Segment Start: Records for processing

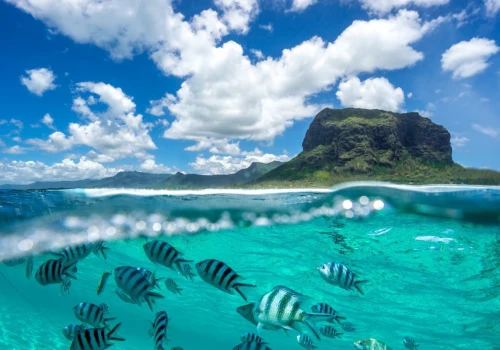 Tani urlop na Mauritiusie za 2919 PLN 😎🌴 W cenie loty + noclegi nad oceanem 😍🌊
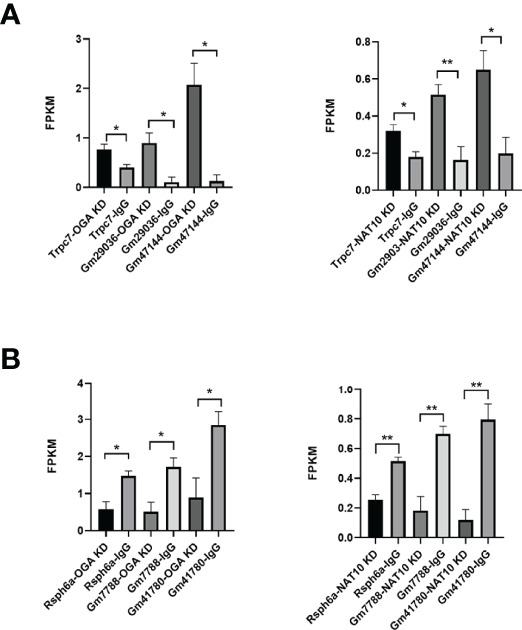 Figure 7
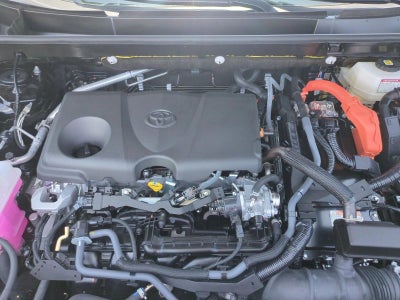 2025 Toyota RAV4 Hybrid XLE AWD (Natl)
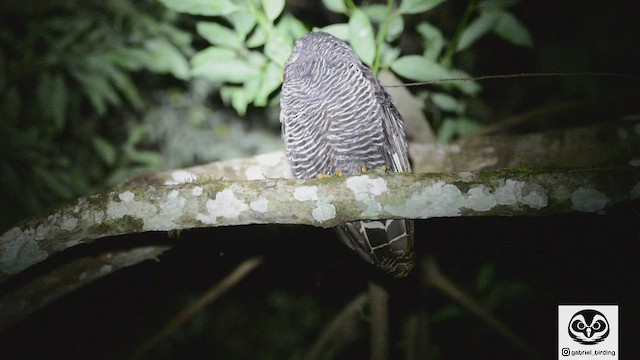 Black-banded Owl - ML471751131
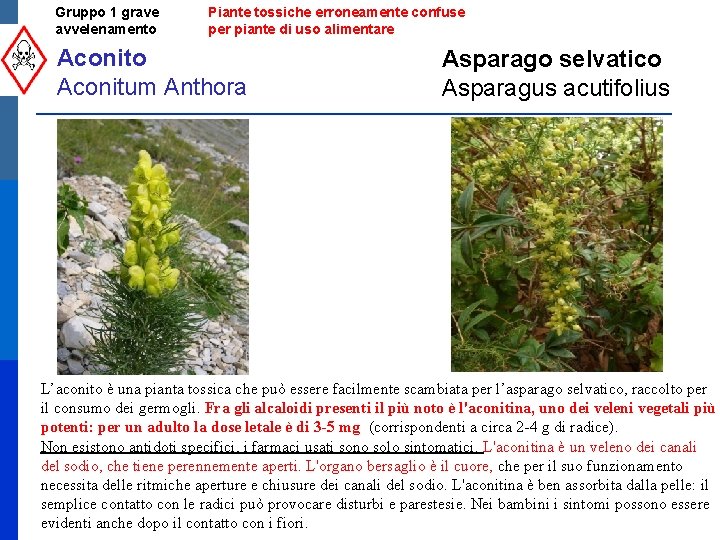 Gruppo 1 grave avvelenamento Piante tossiche erroneamente confuse per piante di uso alimentare Aconito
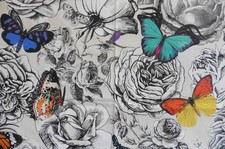 Osborne Little Butterfly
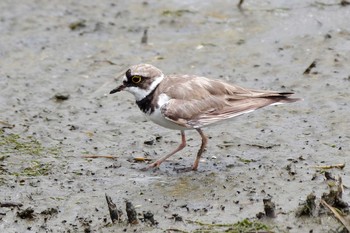 コチドリ 東京港野鳥公園 2021年7月11日(日)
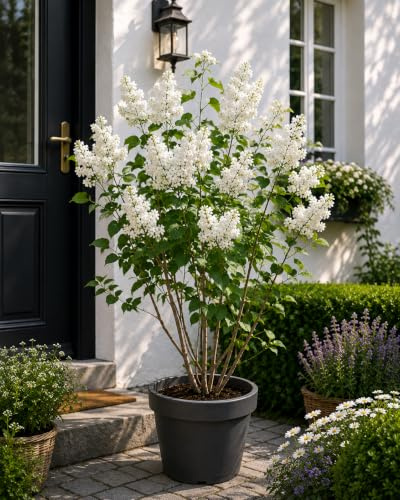 Syringa vulgaris Alba vit syren ca 100 cm – vinterhård ädel-syren, starkt doftande trädgårdsbuske, vita blommor, bivide, solitär och häckväxt för trädgård och terrass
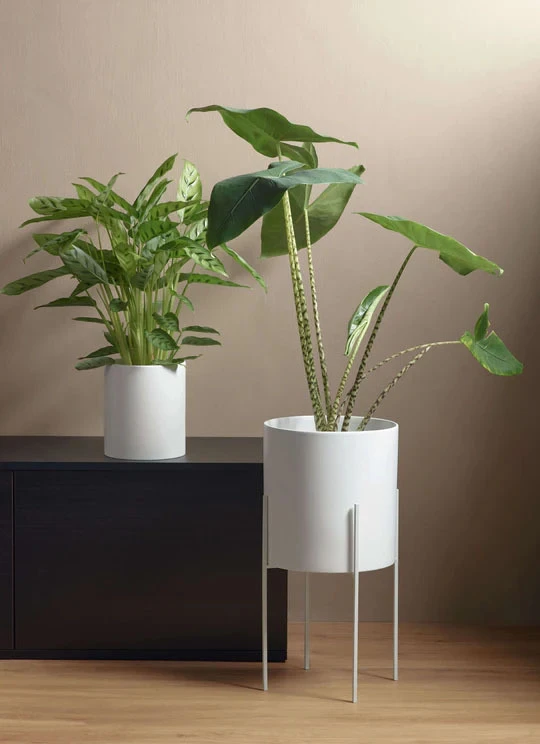 metal stand - white Gallery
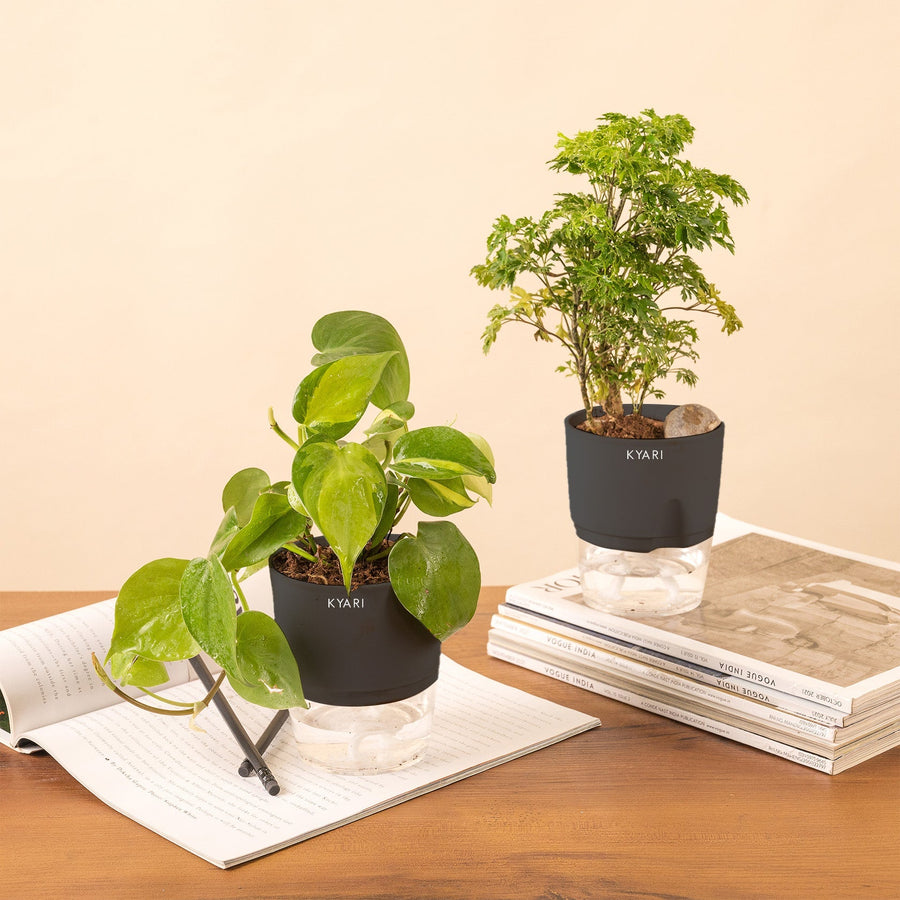 Variant image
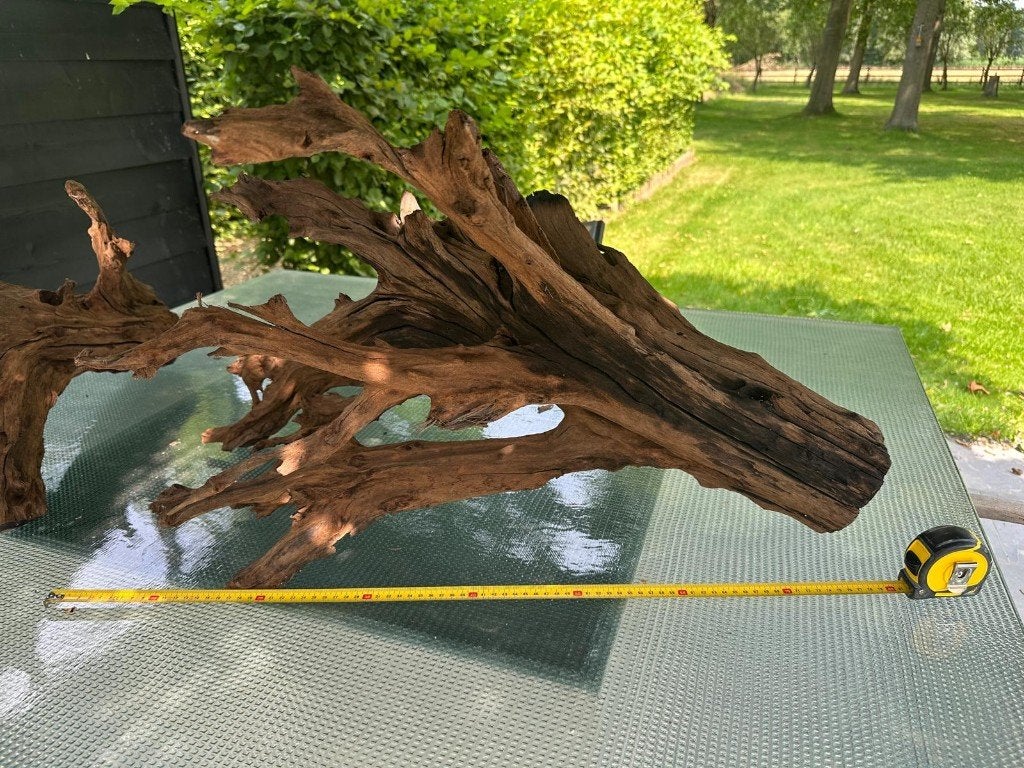 Kienhout (XL), Dieren en Toebehoren, Ophalen, Zo goed als nieuw, Plant(en), Steen of Hout
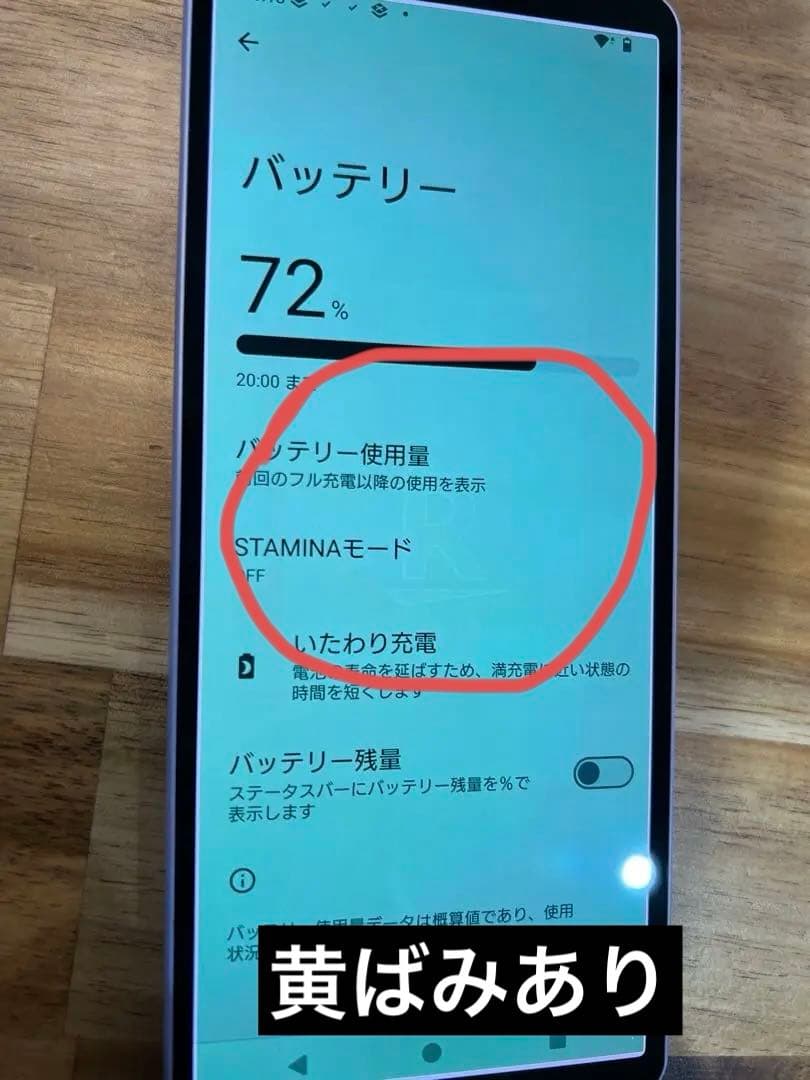 K1373 楽天SIMフリー Xperia 10 V XQ-DC44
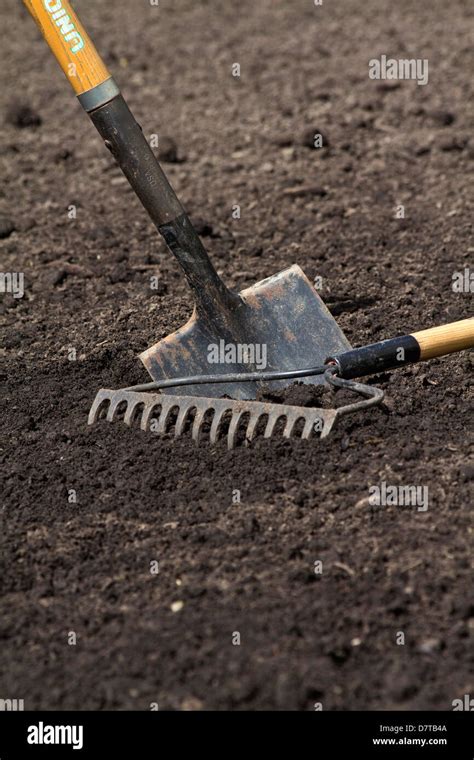 A Spade And A Rake In Soil Raised Vegetable Bed In The Garden Tools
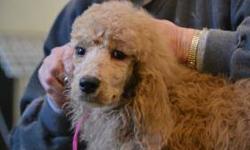 AKC, Vaccinated, Dewormed, nearly 100% potty trained(great through the day needs to be crated at night). Affectionate, calm, beautifull puppies. They have been groomed a few times already, very well socialized, the perfect pet. Standards poodle are the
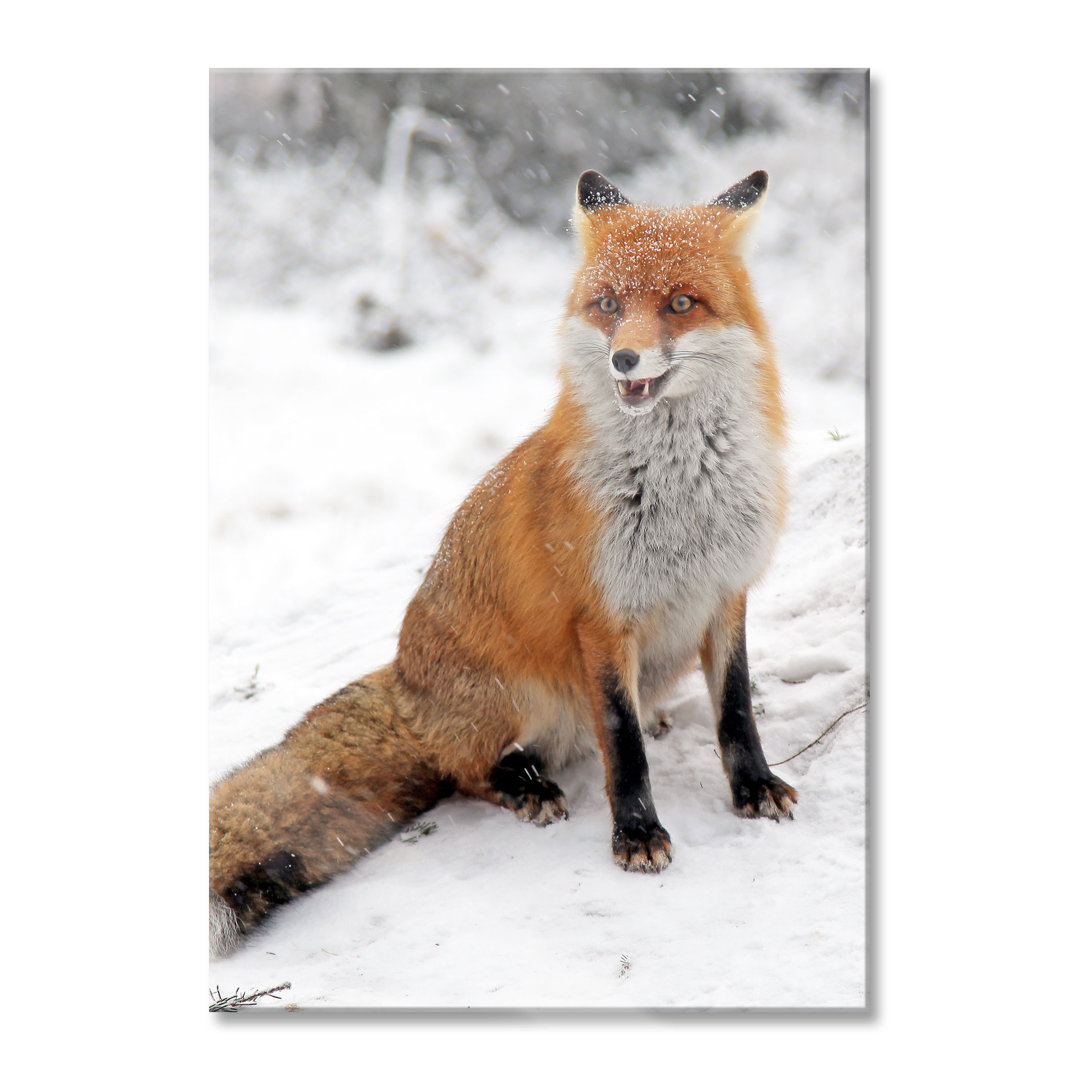 Glasbild Fuchs im Schnee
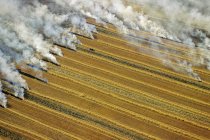 Vista aérea de cultivos residuales quemados en Manitoba, Canadá . - foto de stock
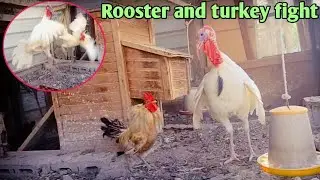 भाले र टर्की चरा बिच घमसान युद्द || Rooster and turkey Bird fight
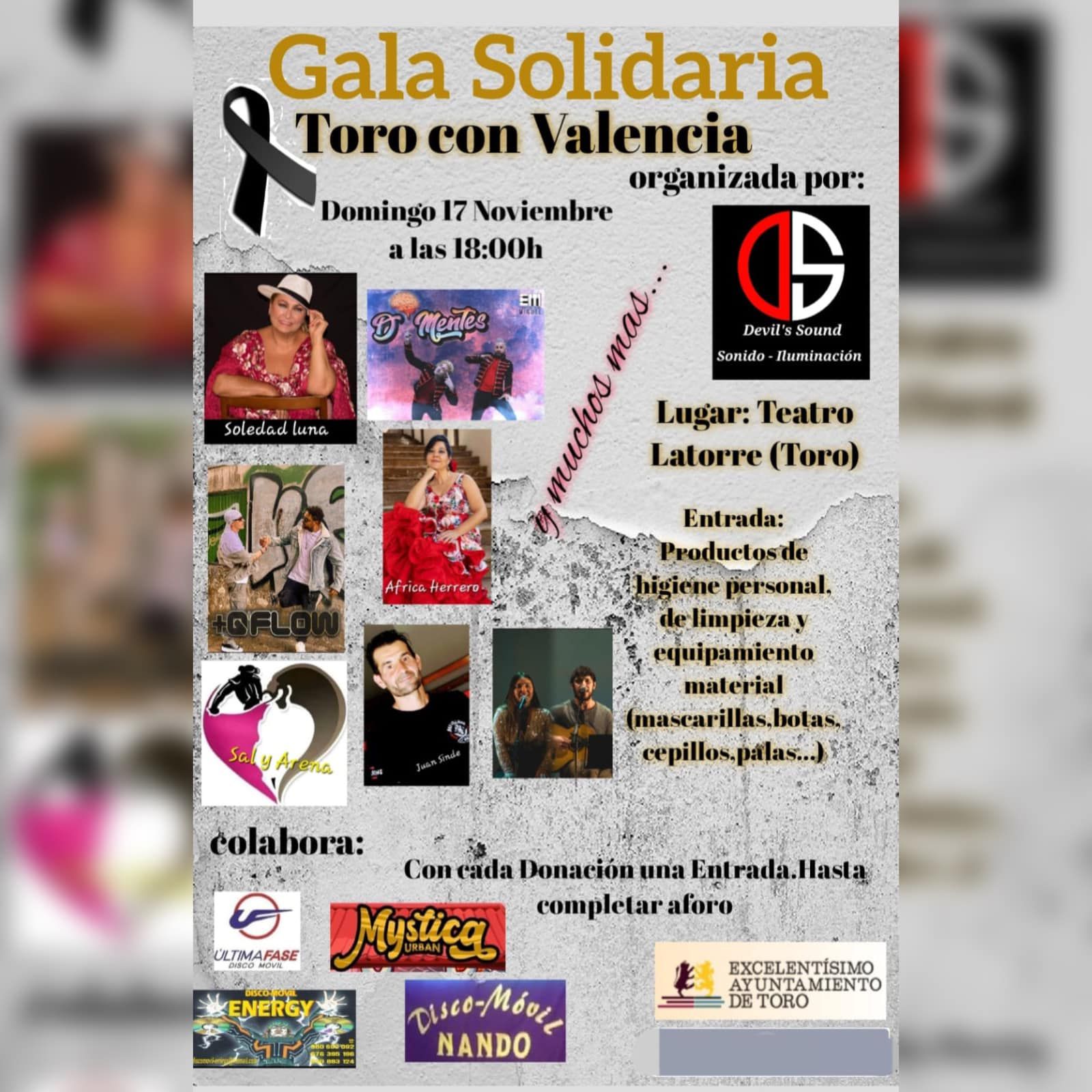 Gala Solidaria Toro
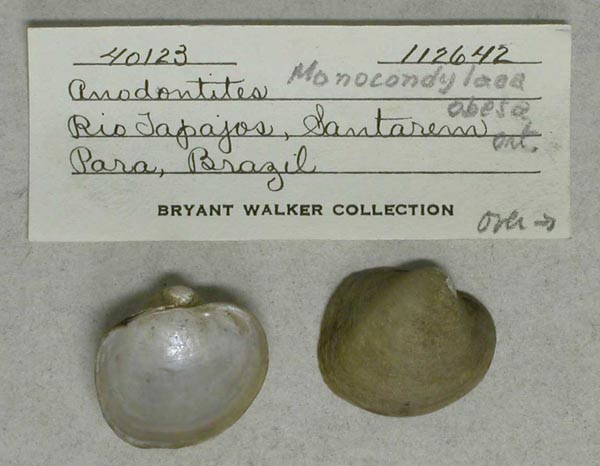 specimen
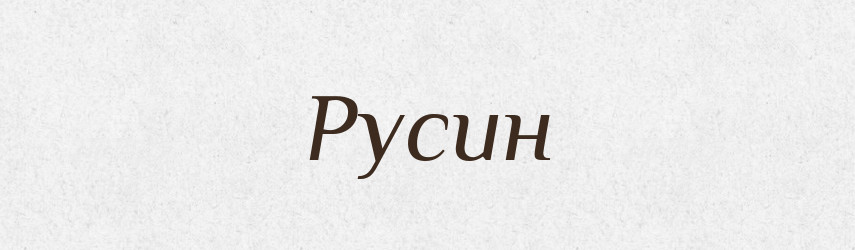 Русин — Словник чужомовних слів і термінів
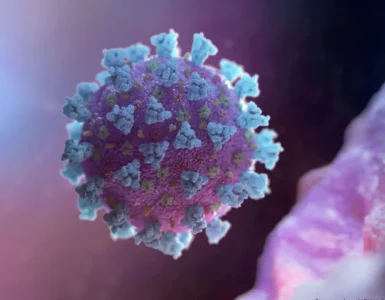 البقاء للمتحور!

Segment End: Records for processing

* What is expected
Take the material above and output only the lines from the one that contains "2025 Toyota RAV4 Hybrid XLE AWD (Natl)" through the one that contains "A Spade And", ends included and images left out.

* Your solution
 2025 Toyota RAV4 Hybrid XLE AWD (Natl)
 Black-banded Owl - ML471751131
 Gruppo 1 grave avvelenamento Piante tossiche erroneamente confuse per piante di uso alimentare Aconito
 Osborne Little Butterfly
 コチドリ 東京港野鳥公園 2021年7月11日(日)
 Syringa vulgaris Alba vit syren ca 100 cm – vinterhård ädel-syren, starkt doftande trädgårdsbuske, vita blommor, bivide, solitär och häckväxt för trädgård och terrass
 metal stand - white Gallery
 Variant image
 Kienhout (XL), Dieren en Toebehoren, Ophalen, Zo goed als nieuw, Plant(en), Steen of Hout
 K1373 楽天SIMフリー Xperia 10 V XQ-DC44
 A Spade And A Rake In Soil Raised Vegetable Bed In The Garden Tools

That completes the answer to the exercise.